さらにQueenとR.E.Mの共通点に「ジェンダー/セクシャリティ観」を挙げ、カラムがエイズを発症していたのではないかという衝撃的な見解もあった。ソフィと元妻以外の女性と話す場面が一切出てこない点、プールのシーンで見かけた老夫婦に話し掛けてみたら?とソフィに訊かれても「嫌だよあんなおばさん」と一蹴した場面にもそれが透けていた、と捉えるのは果たして。
2)ソフィと性的アイデンティティについて
毎年トルコ旅行では恒例行事となっていたカラムとソフィの親子カラオケが、ついに叶わなくなった。R.E.M「Losing My Religion」直訳すれば「宗教/信仰心を失う」ですが、アメリカ南部では「自制心の喪失」あるいは何かに「絶望する」といった意味でも用いられる言い回しなのだそうです。歌詞の解釈も様々で、片思いの歌、信仰心への反発や懐疑、ファンとの軋轢。
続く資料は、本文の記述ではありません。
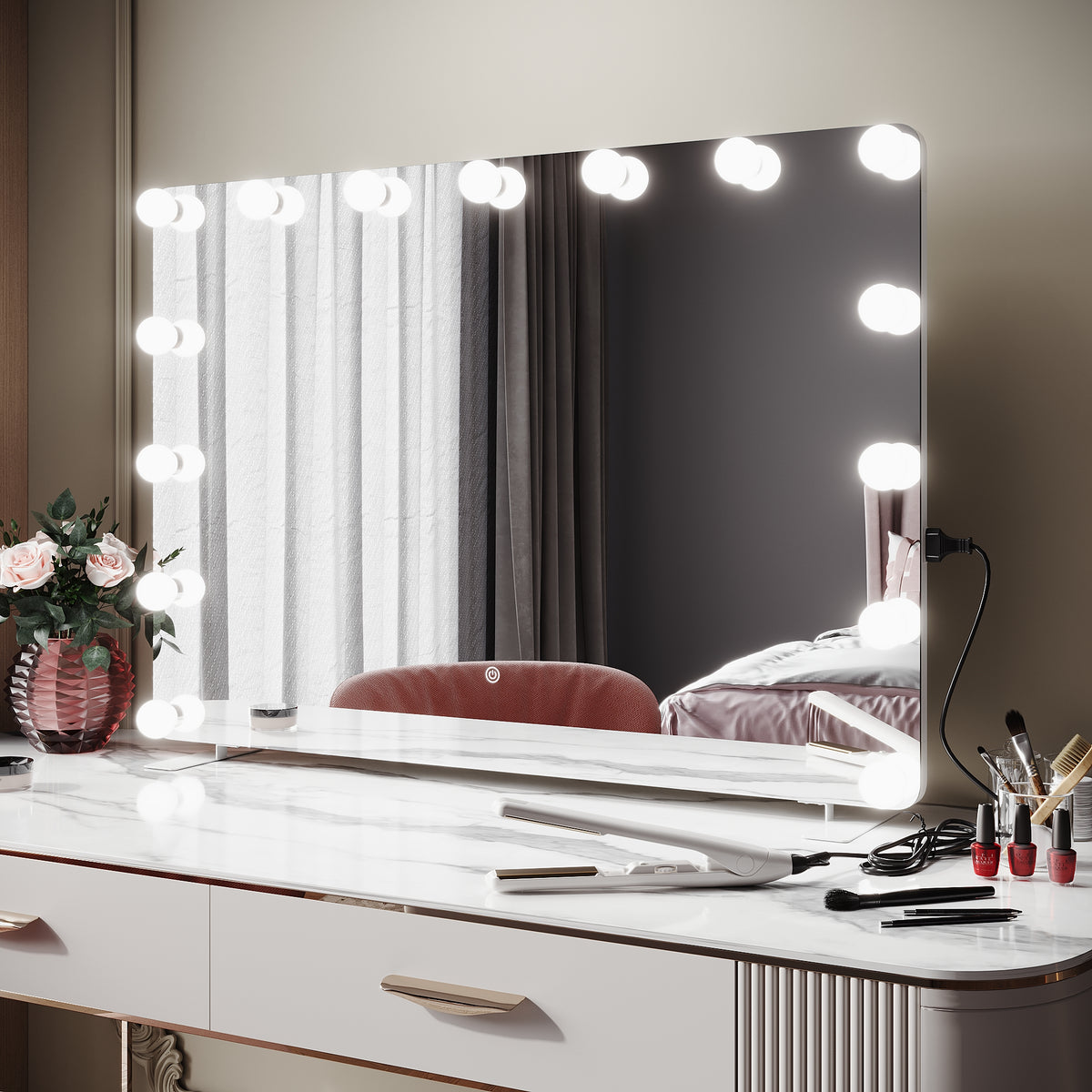 SIRHONA Miroir de maquillage LED, mural ou de table, 1000 x 700 x 35mm - SIRHONA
思春期エイジのソフィに当てはめるとすれば、「信仰心への反発や懐疑」を表現するプロット・デバイスとして用いられたと解釈するべきでしょうか。自分の目で見て、耳で聞いて、鼻で嗅ぎ、肌で感じ取る。大人への第一歩。劇中印象的に映るのは、例えば「体に寄ったカット」が多用されていた点。シースルーシャツ、体毛、うなじ、日焼け止めクリームを塗る場面など。
水着のままカラムと夕食へ出かけるシーンも非常にユニークな演出でした。
レイヴシーンの解釈をめぐる分岐
1)「天国/あの世」のメタファー?
とあるインタビュー記事で、監督がポール・メスカルに「クラブ=カラムが見つけたポジティブな逃避場所」「最初から"自由"を演じて欲しい」という演出を当てていたことが明らかになりました。ポジティブな逃避場所、その意味を敢えて説明する必要はないはずです。幼少期のソフィと31歳のソフィが交錯するシーンでは、サブリミナル的にあの「夜の海」の白波が見える。
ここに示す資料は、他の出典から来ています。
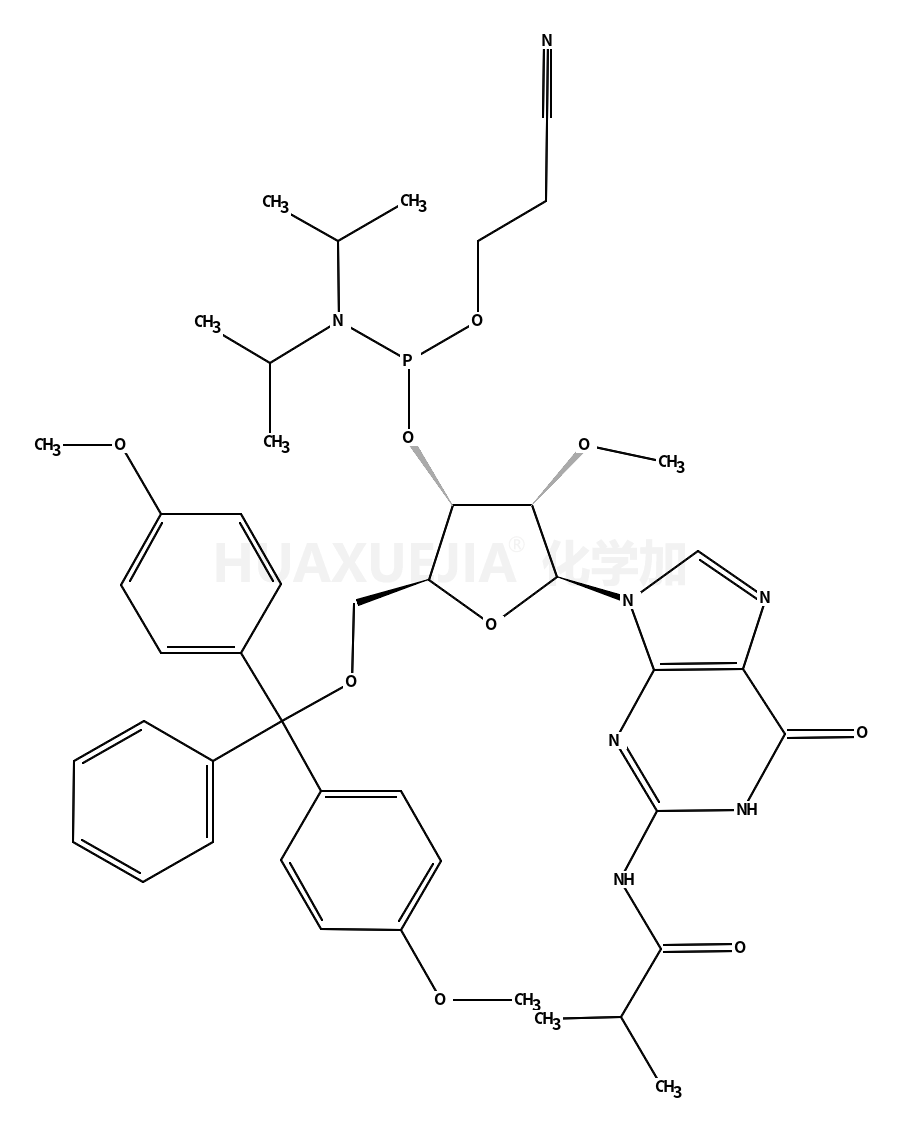 5’-O-(4,4-二甲氧基三苯甲基)-2’-O-甲基-N-异丁酰基鸟苷-3’-(2-氰基乙基-N,N-二异丙基)亚磷酰胺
2)クラブ=地下=スコットランド・土葬文化のメタファー?
ダンスフロアは地下の階段を降りた先にありがち=地上から見えない世界、つまりプールのシーンと対になっていたと解釈することもできそう。水の中がどんな様子なのかは潜ってみないとわからない。ここから主宰が連想したのは、カラムの生まれた国スコットランドにおける土葬文化でした。正直、かなりメタ推理ですが1)にも通ずる「死生観」がチラつく場面ではあった。
3)ダンスフロアが暗示していたもの
あまり見ない造りのクラブですよね。警察署の長い廊下のようにも、霊安室の入り口のようにも見える。カラムとソフィが空港で別れた映像の後カメラが右にパンしていくと、その先には31歳になったソフィそしてminiDVの電源を切るカラムの姿が映し出される。後ろでは救急車のサイレンが鳴り響く、そんな様子からどうやら後者のニュアンスが強いのではと解釈しました。
語り得ぬものについては、沈黙せねばならない
5,000字も書いておいて何を今更とお思いでしょうが、これ以上はやめときましょう。言葉にすればするほど虚しく響いてしまうような、せっかくの余韻が台無しになってしまうような。何かそんな映画でした。あとこれは全然文句とか根に持ってるとかじゃないのですけど、運良く乱丁版パンフレットまで手中に収めることができましたから。これも何か一生の思い出にと。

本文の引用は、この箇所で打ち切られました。